**WHAT IS REQUIRED**
Copy, exactly as written, the lines that begin at the one containing "VA license plate VGS0605" and end at the one containing "Email sign in smartphone page vector template". Skip any pictures in the data below.

**THE RECORDS**
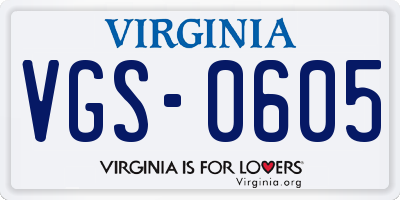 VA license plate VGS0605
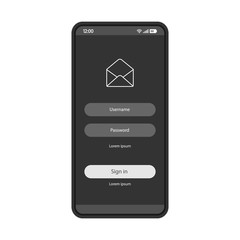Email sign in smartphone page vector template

* * *

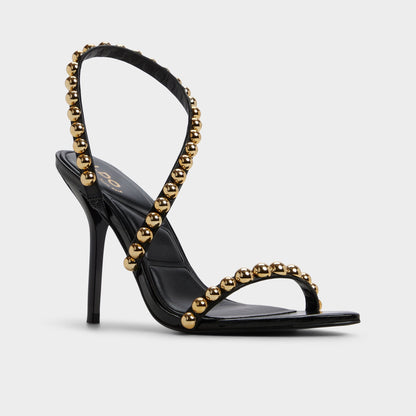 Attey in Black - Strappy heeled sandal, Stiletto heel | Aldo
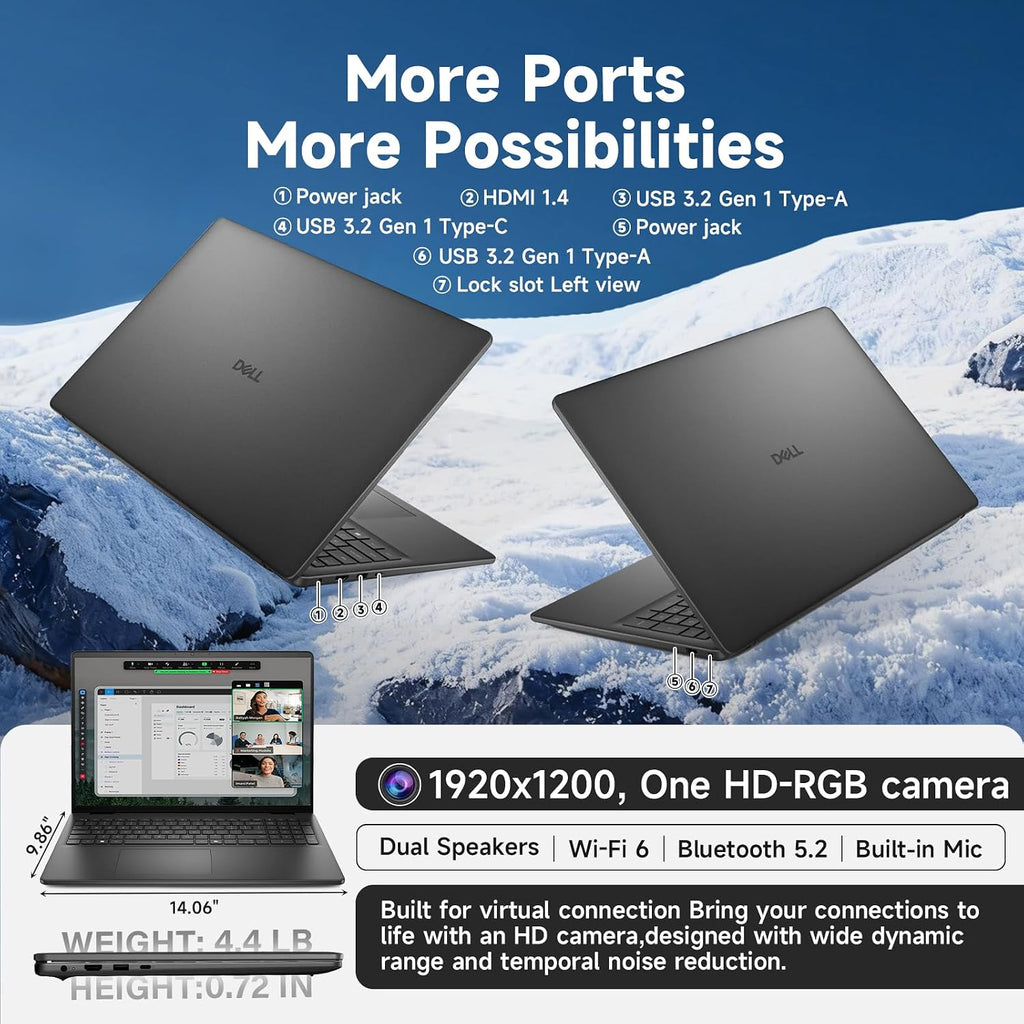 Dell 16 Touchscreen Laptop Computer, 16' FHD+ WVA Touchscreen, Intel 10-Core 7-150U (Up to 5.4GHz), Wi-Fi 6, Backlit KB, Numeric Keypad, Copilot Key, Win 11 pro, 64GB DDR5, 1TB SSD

==

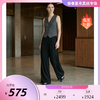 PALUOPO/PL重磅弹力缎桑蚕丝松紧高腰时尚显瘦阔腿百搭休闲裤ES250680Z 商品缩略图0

**OUTPUT OF THE EXERCISE**
 VA license plate VGS0605
Email sign in smartphone page vector template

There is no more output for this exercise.